Psoriasis treatment is aimed at interrupting the cycle, which leads to an increase in the production of skin cells, thereby reducing inflammation and plaque formation. Treatment for psoriasis includes: ointments, creams, phototherapy and systemic medications. Creams and ointments can effectively treat psoriasis. When the disease is more severe, creams are most likely applied in combination with oral medications or phototherapy using the PUVA method. Psoriasis treatment includes corticosteroids. These powerful anti-inflammatory drugs are among the most commonly prescribed drugs for the treatment of mild and moderate psoriasis. They slow cell renewal by suppressing the immune system, which reduces inflammation, relieves itching.
A doctor may prescribe corticosteroid ointments for small areas of skin on the hands or feet, or when other treatments for psoriasis are not effective. Prolonged abuse of strong corticosteroids can cause thinning of the skin and addiction of the body. To minimize side effects and increase efficiency, synthetic forms of vitamin D are used, which slow down the growth of skin cells. Calcipotriene (Dovonex) is a prescription cream or solution containing an analogue of vitamin D, which can only be used to treat mild and moderate psoriasis or in combination with other drugs or topical phototherapy. This procedure may cause skin irritation.
Calcitriol (Rocaltrol) is expensive, but can be just as effective and, perhaps, less annoying than calcipotriene. Anthralin. This medicine is believed to normalize DNA activity in skin cells. Anthralin makes the skin smoother. However, anthralin can irritate the skin, and is sometimes used in combination with ultraviolet light. Retinoids are commonly used to treat acne and sun-damaged skin, but tazarotene (Tazorac, Avage) was developed specifically for the treatment of psoriasis. Like other derivatives of vitamin A, it normalizes DNA activity in skin cells and can reduce inflammation. The most common side effect is skin irritation.

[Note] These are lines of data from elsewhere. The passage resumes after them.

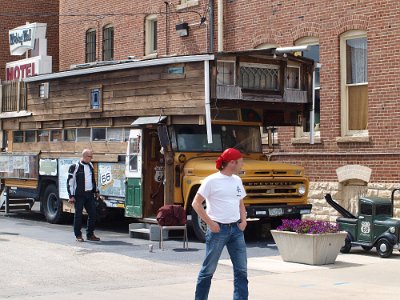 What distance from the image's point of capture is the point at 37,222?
1947cm

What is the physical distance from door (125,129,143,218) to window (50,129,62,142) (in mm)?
3085

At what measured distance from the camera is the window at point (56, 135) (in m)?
19.0

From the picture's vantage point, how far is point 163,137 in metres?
15.3

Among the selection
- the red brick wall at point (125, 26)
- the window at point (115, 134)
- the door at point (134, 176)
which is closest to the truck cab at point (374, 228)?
the door at point (134, 176)

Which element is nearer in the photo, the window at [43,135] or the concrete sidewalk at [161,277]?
the concrete sidewalk at [161,277]

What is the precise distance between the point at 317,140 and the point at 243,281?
1141 cm

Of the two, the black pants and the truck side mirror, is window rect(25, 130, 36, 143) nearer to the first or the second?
the black pants

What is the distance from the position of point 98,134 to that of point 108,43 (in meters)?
9.74

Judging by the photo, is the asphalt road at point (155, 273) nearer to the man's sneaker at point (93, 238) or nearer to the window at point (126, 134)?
the man's sneaker at point (93, 238)

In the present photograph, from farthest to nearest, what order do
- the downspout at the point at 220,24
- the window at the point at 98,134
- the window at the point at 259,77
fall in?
the downspout at the point at 220,24 < the window at the point at 98,134 < the window at the point at 259,77

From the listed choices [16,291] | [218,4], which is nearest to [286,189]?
[16,291]

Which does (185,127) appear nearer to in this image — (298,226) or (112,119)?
(112,119)

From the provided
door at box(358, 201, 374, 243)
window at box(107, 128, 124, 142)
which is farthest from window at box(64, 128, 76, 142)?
door at box(358, 201, 374, 243)

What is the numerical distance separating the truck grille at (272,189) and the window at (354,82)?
3634mm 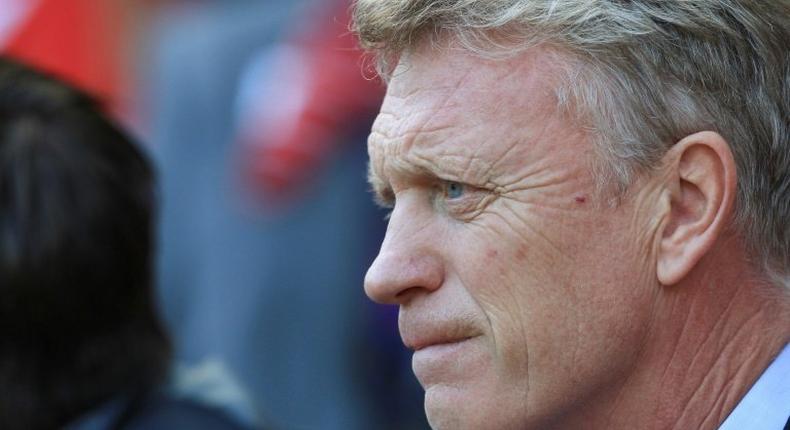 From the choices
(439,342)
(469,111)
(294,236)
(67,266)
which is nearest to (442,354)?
(439,342)

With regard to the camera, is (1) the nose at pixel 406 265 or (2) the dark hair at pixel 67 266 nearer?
(1) the nose at pixel 406 265

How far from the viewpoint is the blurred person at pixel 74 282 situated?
334cm

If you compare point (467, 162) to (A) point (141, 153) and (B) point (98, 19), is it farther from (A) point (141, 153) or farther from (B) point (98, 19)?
(B) point (98, 19)

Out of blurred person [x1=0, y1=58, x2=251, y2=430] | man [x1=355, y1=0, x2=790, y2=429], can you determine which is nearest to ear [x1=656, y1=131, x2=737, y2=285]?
man [x1=355, y1=0, x2=790, y2=429]

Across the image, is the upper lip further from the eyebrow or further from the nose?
the eyebrow

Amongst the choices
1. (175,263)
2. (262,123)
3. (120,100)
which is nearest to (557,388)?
(262,123)

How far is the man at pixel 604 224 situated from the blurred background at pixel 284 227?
2340mm

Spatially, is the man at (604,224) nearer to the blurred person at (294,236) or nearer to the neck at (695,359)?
the neck at (695,359)

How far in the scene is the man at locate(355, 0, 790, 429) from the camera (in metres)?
2.24

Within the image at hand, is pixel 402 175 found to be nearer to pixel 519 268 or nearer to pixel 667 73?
pixel 519 268

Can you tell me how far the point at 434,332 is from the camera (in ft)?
7.54

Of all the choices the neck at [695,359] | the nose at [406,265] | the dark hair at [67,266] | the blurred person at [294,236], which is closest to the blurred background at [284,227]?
the blurred person at [294,236]

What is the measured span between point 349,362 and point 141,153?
149 cm

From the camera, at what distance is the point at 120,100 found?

Currently, calcineurin inhibitors – tacrolimus (Prograf) and pimecrolimus (Elidel) – are prescribed only for the treatment of atopic dermatitis, but studies have shown their effectiveness in the treatment of psoriasis. Calcineurin inhibitors are thought to interfere with T-cell activation, which, in turn, reduces inflammation and plaques. The most common side effect is skin irritation.
Calcineurin inhibitors are not recommended for prolonged or permanent use due to the possible increased risk of skin cancer and lymphoma. Calcineurin inhibitors are used only with the participation of a physician and approval. They can be especially helpful in areas of thin skin, such as around the eyes, where steroid creams or retinoids are too irritating or can have harmful effects.
Light therapy (phototherapy)
Is the treatment of psoriasis with natural or artificial ultraviolet rays – a controlled amount of natural sunlight. Under the influence of ultraviolet rays in sunlight or artificial light, activated T-cells in the skin die. It slows down the turnover of skin cells and reduces inflammation and the spread of psoriasis. Short, daily exposure to small amounts of sunlight can improve psoriasis, but intense sun exposure can worsen symptoms and cause skin damage. Ask your doctor about the safest way to use natural sunlight to treat psoriasis.
Controlled doses of UV light from an artificial light source can improve mild to moderate symptoms of psoriasis. UVB phototherapy, also called broadband UVB, can be used to treat single spots. Short-term side effects may include redness, itching, and dry skin. Using a moisturizer can help reduce these side effects.
Narrowband UVB therapy
A new type of psoriasis treatment, narrowband UVB therapy may be more effective than broadband UVB treatment. It is usually administered two or three times a week, until the skin improves, then the content may only need weekly meetings. Narrowband UVB therapy can lead to more severe and more lasting burns. Some doctors combine UVB treatment and coal tar treatment, which is known as Goeckerman treatment. Two therapies together are more effective than alone, because coal tar makes the skin more susceptible to UV light. After a three-week hospital stay is required, the initial treatment can be changed in
Treating psoriasis very individually, which works well for one person, may not be effective for another. Your skin can also become resistant to various types of treatment over a long period of time, and a powerful drug treatment for psoriasis can have serious side effects. The treatment of psoriasis with the use of Psoral cream – natural psoriasis ointment is very effective. Burshtein in Israel. Ideal for the treatment of psoriasis in children and pregnant women, as it has no side effects and does not cause allergies. Psoral cream provides the best control over the symptoms.